白桜会のブログ

‟明るく楽しく元気よく”

『猫と剣客』 連載 2

   『猫と剣客』         著:遠藤俊夫(白桜会・会員)

 同じ、直心陰流の遣い手、井上伝兵衛の道場が、下谷車坂にあると聞いている。
(よし、明日は乗り込んで今日の鬱憤を晴らしてやろう)
やっと、いくらか気が晴れた。陽はすでに暮れて川面を深々と闇に覆っている、残された数本の光の矢がひっそりと揺れる、柳の穂先を黄金いろに散りばめている。
(おけい…)
江戸に来て日が浅い。宿をどこへ取るあてもなく虎之助は歩き続けた。
(今頃は…)
夕食の支度であろうか。我が児を抱いて虎之助を想い、この黄昏の薄い月を見ているであろうか。
(許せ)
思わず月に向かい、心中、手を合わせた。
 文化十一年、豊前中津藩士島田市郎右衛門の第六子として生まれた虎之助。十歳から小野派一刀流、堀十郎左衛門の道場に学び、十七歳で既に九州一円に相手がなかった。さらにおのれを磨こうと江戸を目指したのは天保二年十八歳の時である。途中虎之助は下関の長門屋嘉兵衛という造り酒屋に身を寄せた。
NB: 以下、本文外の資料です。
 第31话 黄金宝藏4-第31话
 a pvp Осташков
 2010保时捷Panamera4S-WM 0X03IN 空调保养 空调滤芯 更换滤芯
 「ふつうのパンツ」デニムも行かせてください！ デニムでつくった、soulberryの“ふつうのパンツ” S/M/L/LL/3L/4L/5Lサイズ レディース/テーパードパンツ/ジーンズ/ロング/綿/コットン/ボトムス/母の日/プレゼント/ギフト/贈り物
 嘉兵衛はおけいという虎之助より一つ年上の娘がいた。同業の町家に嫁したが一年あまりで亭主に死別。実家に戻っていた。まだ若く美貌である。が、虎之助は全てを剣に捧げ強豪ひしめく江戸へ出て名をあげようという志ひとつに身を託していた。女ごときに目をくれない。それを惑わしたのは年上の女の方である。
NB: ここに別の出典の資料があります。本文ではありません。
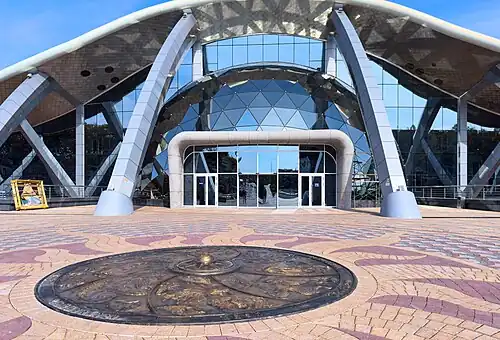 Главный вход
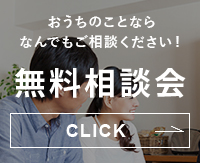 無料相談会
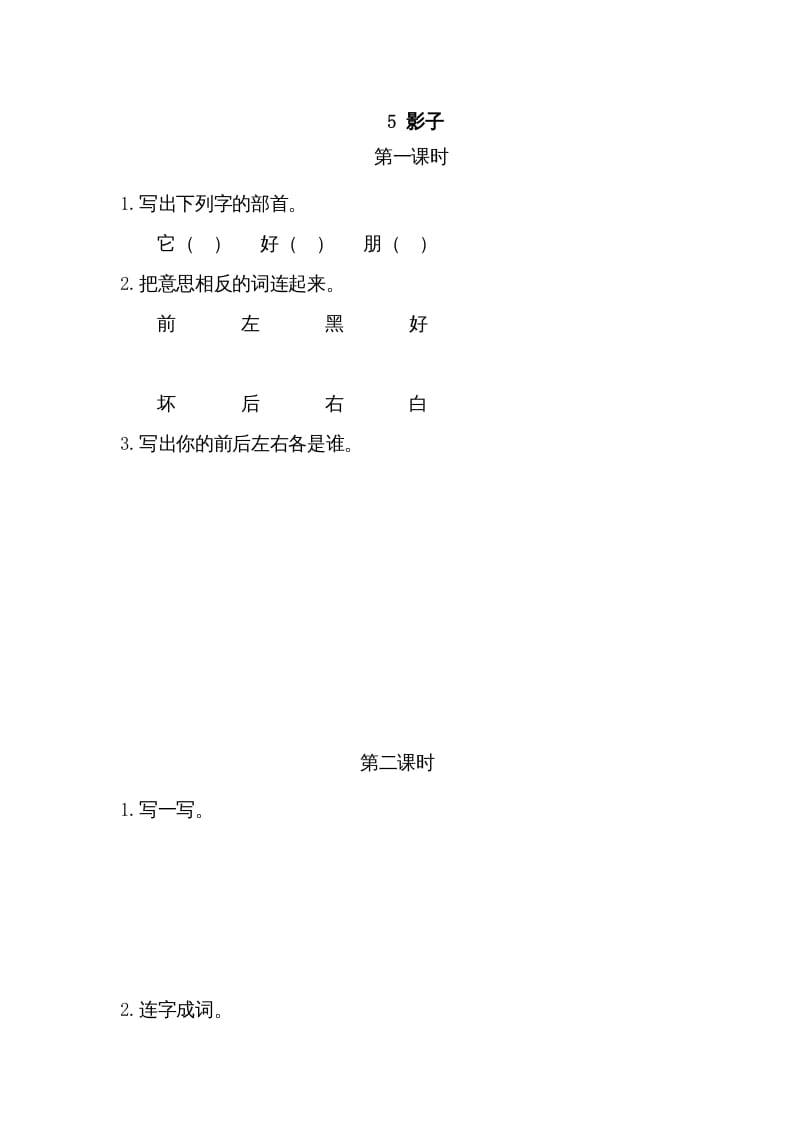一年级语文上册5影子（部编版）-马可蜜蜜题库网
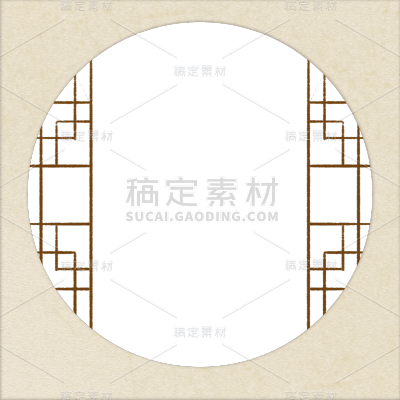 工笔画风-边框元素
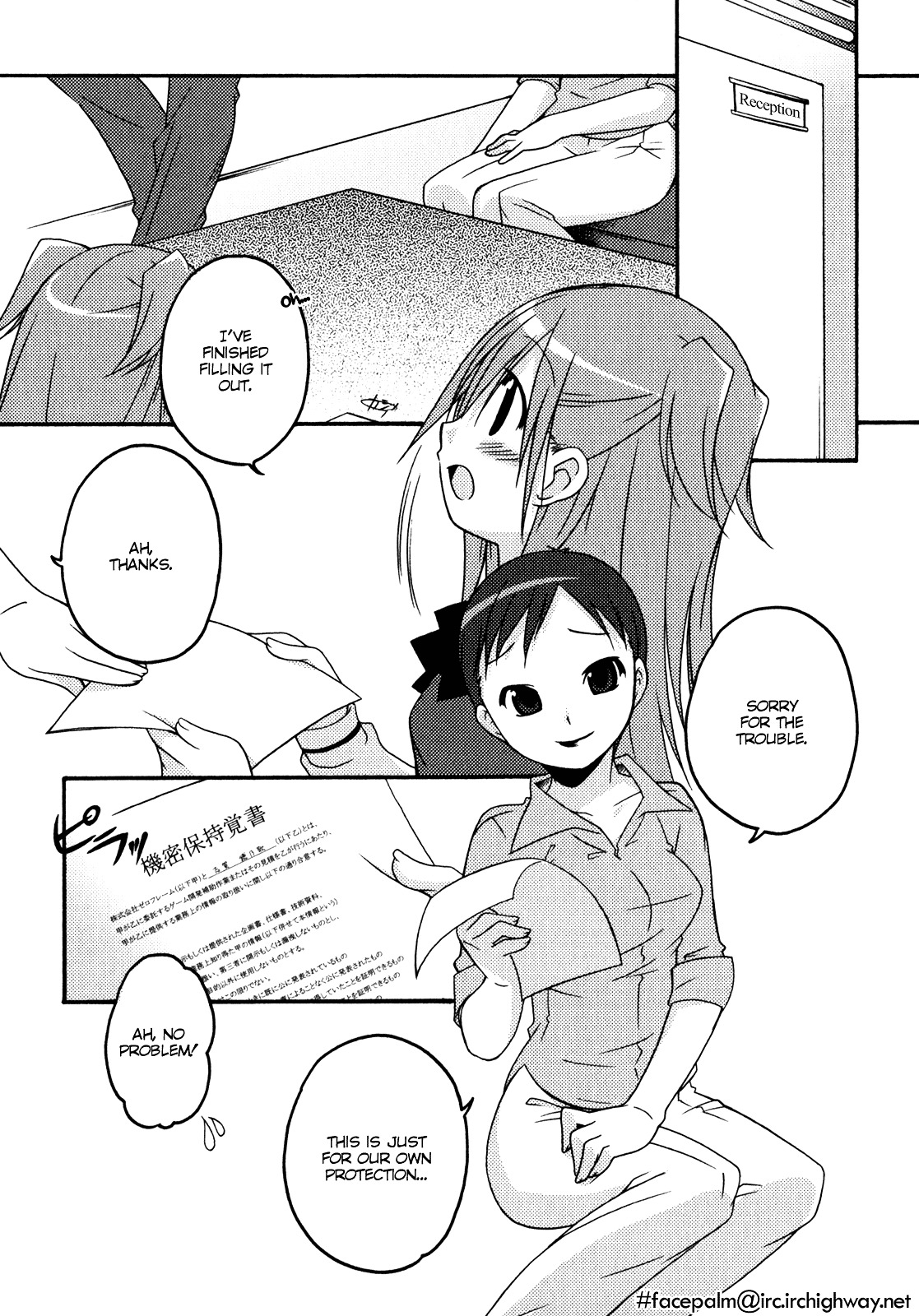 Honoka Lv. Up! Chapter 2 page 2 - Chapter 2 : STAGE2 - Encounter and Confusion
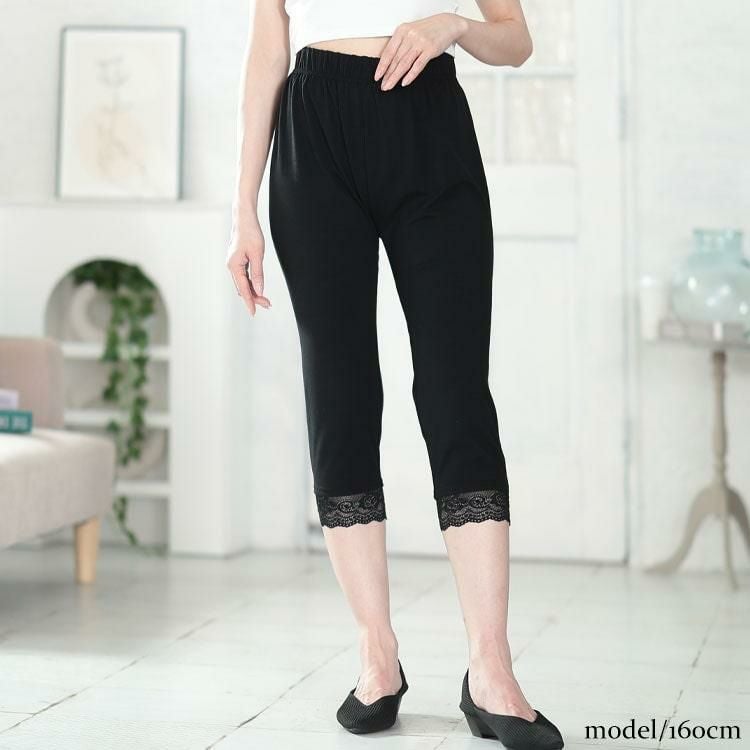 大きいサイズ レディース 裾レース7分丈レギンス　cast-5554006【メール便可】 ブラック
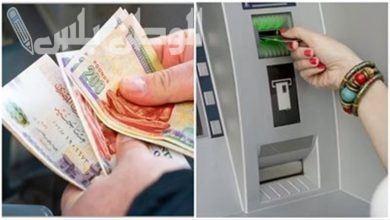 وزارة المالية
 寄食して半年ほどたったある秋の午後である。おけいは、虎之助にあてがわれた室の障子を開けた。連子の窓から洩れる斜めの陽ざしを浴びながら、漢書素読に余念のない虎之助のそばへついと寄った。
「虎之助さま」
秀でた額と鼻筋の通った横顔を見つめる。
「うむ」
振り返ってまばたきをした。素読に心が残っていて現実に戻っていない。
「いつもご書見ですのね」
日なが、竹刀を振っているか、書物の虫のように、机に張り付いている虎之助が、自分をどう思っているか、知りたい欲望がおけいにある。半年も寄居を共にした若い男に全く無視されては意地が立たない。
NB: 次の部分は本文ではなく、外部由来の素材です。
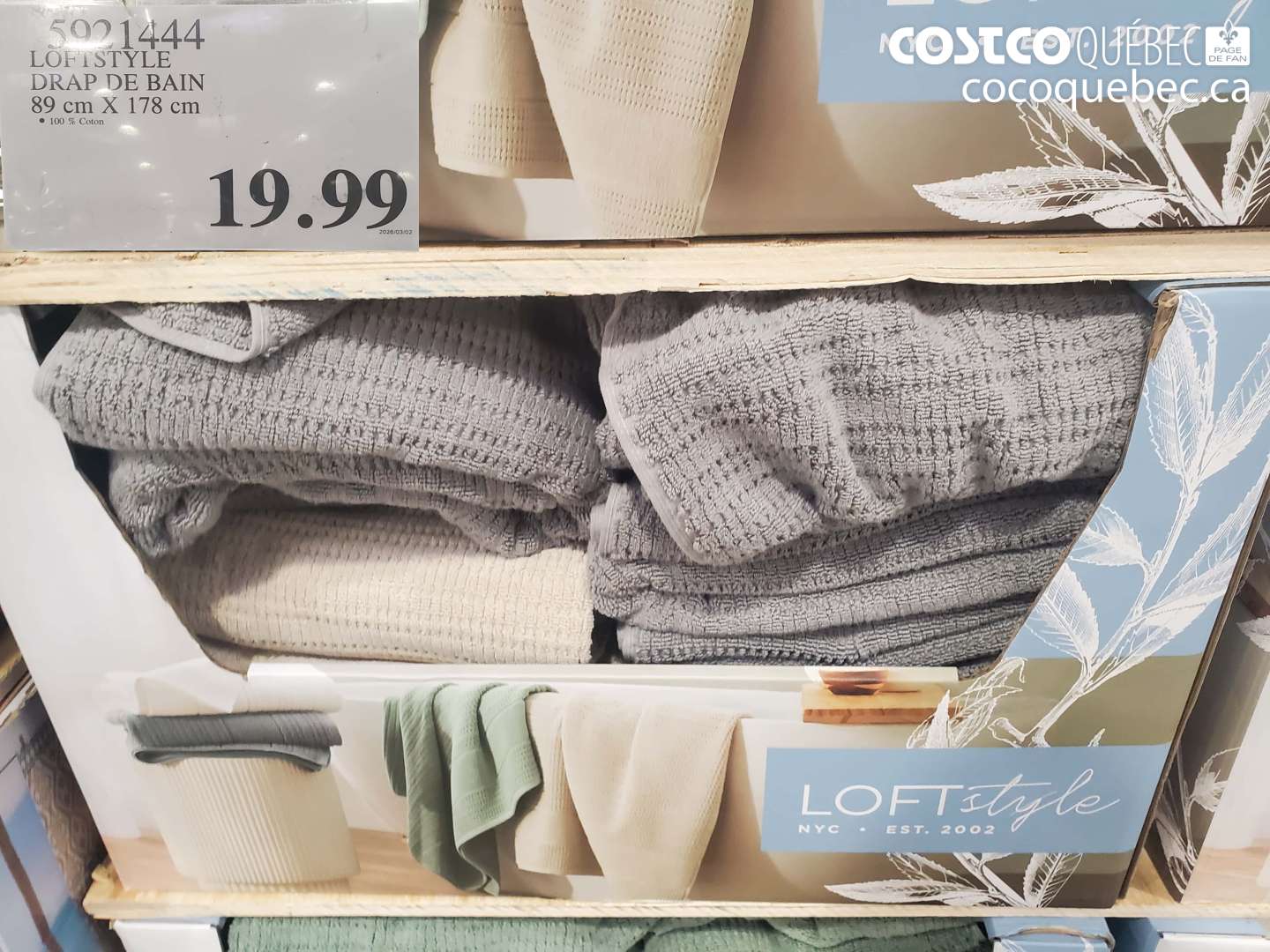 5921444 LOFTSTYLE DRAP DE BAIN 89 CM X 178 CM $19.99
「うむ。よい武士となるには剣の心得ばかりではどうにもならぬ。ものを見、わかるまなこが必要だ。そのため書を読む」
素気ない。虎之助には野望がある。幼い頃から天稟(てんぴん)と言われた剣才に一生を賭け、いつか島田虎之助の名を天下に知らせようと決めている。女のことなどまるで眼中にないのは当たり前である。
「ご修行中は道ひとすじでございますのね」
悲しい色が瞳に走った。一歩、家を出れば造り酒屋の、今天女といわれ、すれちがう女たちから羨望の目を、男たちからは驚嘆の眼差しを浴びる女が、おのれの心に影を宿した相手から振り向きもされない。が、おけいにはこうと決めたらてこでも動かない、虎之助のひたむきさがかえってまたとない魅力である。
「虎之助さま」
再び書物に耽る相手におけいはひと言った。
「虎之助様は、わたしの家にも刀があることを、ご存知でいらっしゃいますか」
「ほう」
これには興味をそそられた。かねがね自負する腕に比べ、腰のものに不満を抱いていたところである。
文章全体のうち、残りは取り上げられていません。